> [Source material]
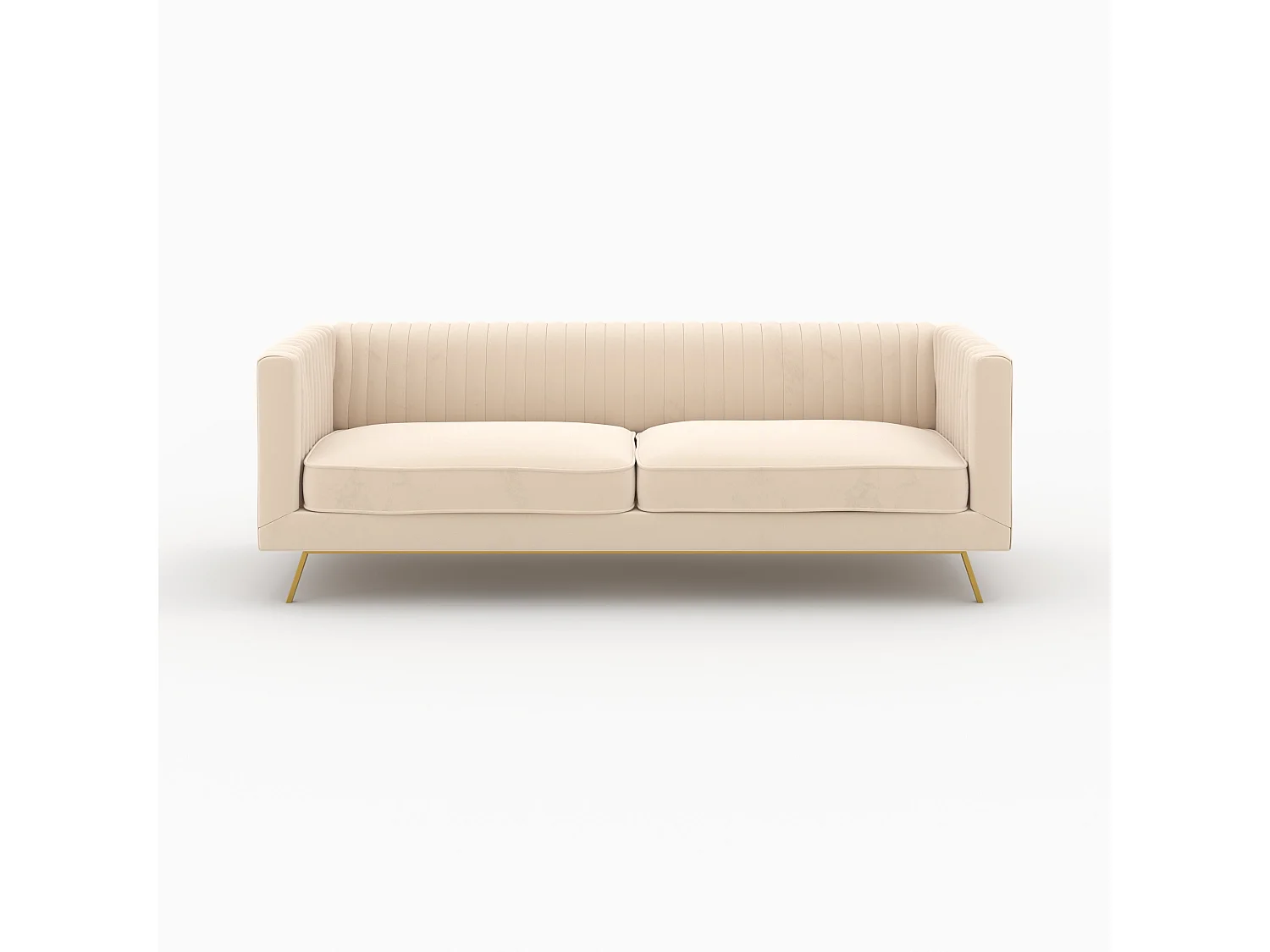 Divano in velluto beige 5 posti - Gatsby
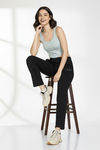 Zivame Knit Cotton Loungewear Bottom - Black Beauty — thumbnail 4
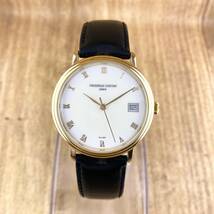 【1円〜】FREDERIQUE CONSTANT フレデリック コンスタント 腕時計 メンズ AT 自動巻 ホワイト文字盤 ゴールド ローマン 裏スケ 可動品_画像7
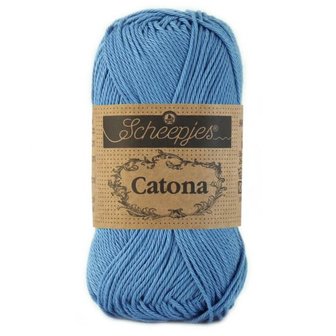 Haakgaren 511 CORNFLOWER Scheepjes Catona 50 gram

> [What is expected] Give the listing again in full, exactly as it is, but without its images.

> [Output]
 Divano in velluto beige 5 posti - Gatsby
 Zivame Knit Cotton Loungewear Bottom - Black Beauty — thumbnail 4
 【1円〜】FREDERIQUE CONSTANT フレデリック コンスタント 腕時計 メンズ AT 自動巻 ホワイト文字盤 ゴールド ローマン 裏スケ 可動品_画像7
 Haakgaren 511 CORNFLOWER Scheepjes Catona 50 gram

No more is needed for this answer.